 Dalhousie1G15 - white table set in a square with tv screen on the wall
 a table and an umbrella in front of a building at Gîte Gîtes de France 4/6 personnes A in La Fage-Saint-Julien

+ + + + + + +

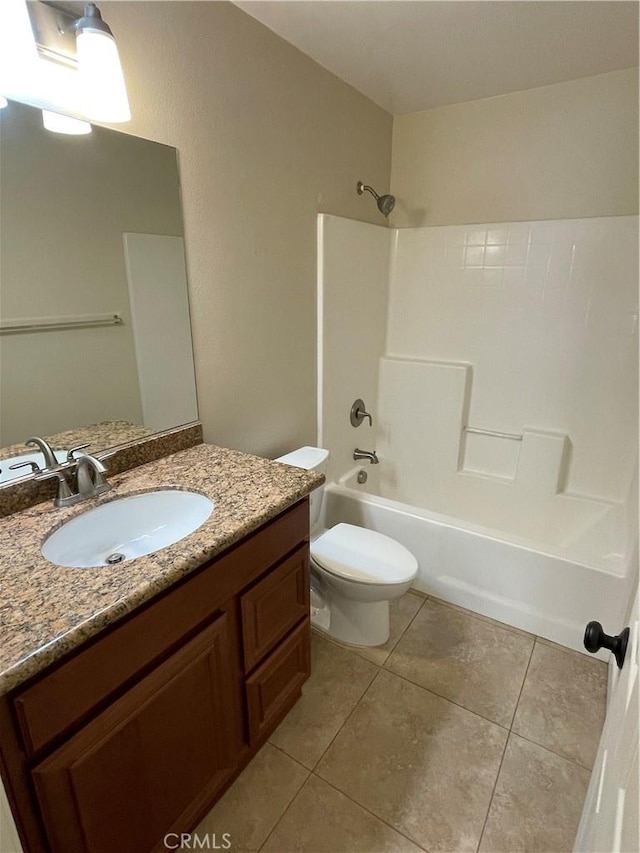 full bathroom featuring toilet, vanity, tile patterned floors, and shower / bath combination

+ + + + + + +

__What needs to be done__.
Go through the listing above and write out exactly the lines starting with the one holding "Dalhousie1G15 - white" and running through the one holding "a table and", ends included, and no others.

__Output of the exercise__.
 Dalhousie1G15 - white table set in a square with tv screen on the wall
 a table and an umbrella in front of a building at Gîte Gîtes de France 4/6 personnes A in La Fage-Saint-Julien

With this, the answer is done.